4.10. However, there was no
headway due to change in Government and subsequently absence of a consensus.
Only the State Government of Andhra Pradesh has made amendments by defining
core and non-core activity, prohibiting contract labour in all core activities
except those normally done through contractors, part- time work or in case of
sudden increase of work in a core activities. A designated authority enquires
disputes as to whether an activity is core or non-core.
5. National Common Minimum Programme (NCMP)
5.1. The UPA Government has
adopted a National Common Minimum Programme (NCMP). Some of the important points / issues which
have a bearing on labour laws are as follows:
(i)
Comprehensive protective legislation will be enacted
for all agricultural workers.
(ii)
The UPA Government is firmly committed to ensure the
welfare and well being of all workers, particularly those in the unorganized
sector who constitute 93% of our work force.
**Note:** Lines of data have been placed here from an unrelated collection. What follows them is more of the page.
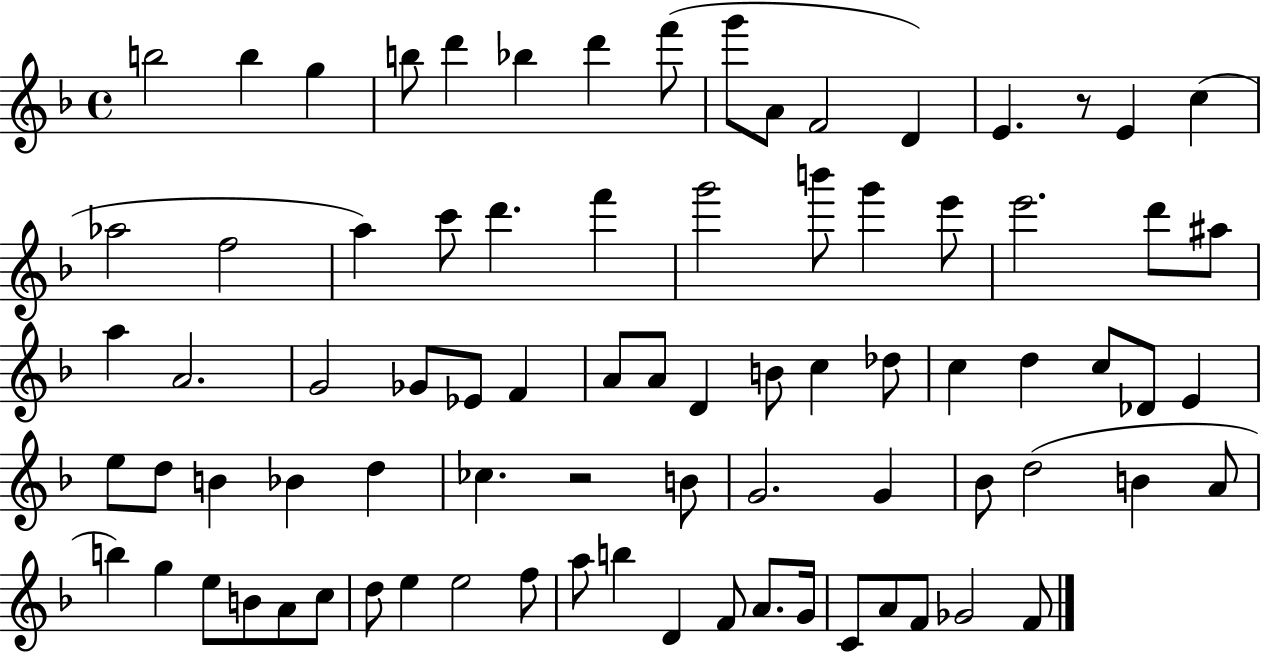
{
  \clef treble
  \time 4/4
  \defaultTimeSignature
  \key f \major
  b''2 b''4 g''4 | b''8 d'''4 bes''4 d'''4 f'''8( | g'''8 a'8 f'2 d'4) | e'4. r8 e'4 c''4( | \break aes''2 f''2 | a''4) c'''8 d'''4. f'''4 | g'''2 b'''8 g'''4 e'''8 | e'''2. d'''8 ais''8 | \break a''4 a'2. | g'2 ges'8 ees'8 f'4 | a'8 a'8 d'4 b'8 c''4 des''8 | c''4 d''4 c''8 des'8 e'4 | \break e''8 d''8 b'4 bes'4 d''4 | ces''4. r2 b'8 | g'2. g'4 | bes'8 d''2( b'4 a'8 | \break b''4) g''4 e''8 b'8 a'8 c''8 | d''8 e''4 e''2 f''8 | a''8 b''4 d'4 f'8 a'8. g'16 | c'8 a'8 f'8 ges'2 f'8 | \break \bar "|."
}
Social Security, health insurance and other schemes for such workers
like weavers, handloom workers, fishermen and fisherwomen, toddy tappers,
leather workers, plantation labour beedi workers etc. will be expanded.
(iii)
The UPA rejects the idea of automatic hire and fire.
It recognizes that some changes in labour laws may be required but such changes
must fully protect the interests of workers and families and must take place
after full consultation with trade unions. The UPA will pursue a dialogue with
industry and trade unions on this issue before coming up with specific
proposals. However, labour laws other than the Industrial Disputes Act that
creates an Inspector Raj will be re-examined and procedures harmonized and
streamlined. The UPA government firmly believes that labour-management
relations in our country must be marked by consultations, cooperation and
consensus, not confrontation. Tripartite consultations with trade unions and
industry on all proposals concerning them will be actively pursued. Rights and
benefits earned by workers, including the right to strike according to law,
will not be taken away or curtailed.
The position with regard
to the above is as under:
(i) Comprehensive Legislation for
Agricultural Workers:
5.2 The
proposal of legislation of agricultural workers had been under consideration of
the Government since 1975. The draft of the Bill was also prepared in
1997. However, due to lack of consensus
amongst State Governments, the proposal could not be processed further.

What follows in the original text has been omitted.